I haven’t had a Christmas tree in many years – we live in a small space. I used to have a small tree in a pot which came indoors during the winter. Back then James was a child, and he liked the idea of Christmas trees, so we used to do that together.
I like a bit of cheer at this time of year, but I’m also painfully conscious of how much waste the festive period sends to landfill. As a household we’re committed to throwing away as little as possible, and this impacts on how we handle December. As a Pagan, I really don’t want to participate in the planet-wrecking commercialism that is at its worst for midwinter.
Cyclamen (as in the photo above) are charming little plants. Finding them wild is wonderful because they bloom when there’s so little else out there that’s colourful. I’m aware of a few likely spots for finding them locally. This one came home in a pot, and will live on the altar for the coming weeks. I also have a number of seasonally confused Christmas cacti around the flat. Some of them decided to celebrate Samhain this year, one still has buds on it and will probably bloom soon. The geraniums are still cheery as well.
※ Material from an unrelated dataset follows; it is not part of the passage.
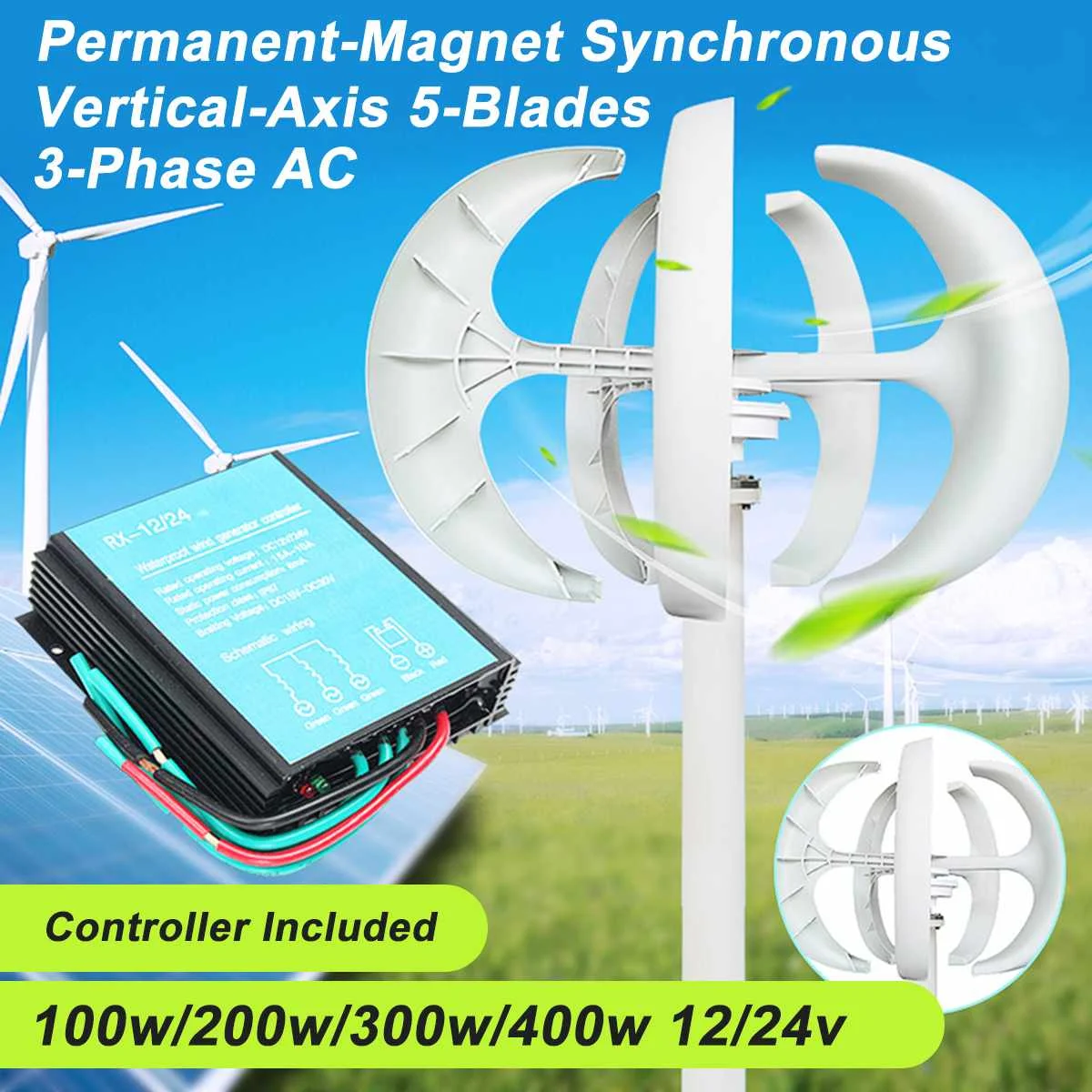 

100w/200w/300w/600W 12 24V Vertical Axis Wind Turbine Generator VAWT Boat Garden with Controller Home Residential Use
There are all kinds of ways of decorating that don’t release microplastics into the environment, or leave us with things we can only throw away at the end of the season. Greener options aren’t inferior choices, we aren’t depriving ourselves if we reject throwaway culture. Being able to invest more in the things we bring into our homes is far more rewarding. This small plant will give months of delight, and might survive for years – I have a varying success rate with houseplants.
Handmade decorations, things sourced from your local makers, things passed down in families – these all bring riches with them that a cheap but mass produced item can’t.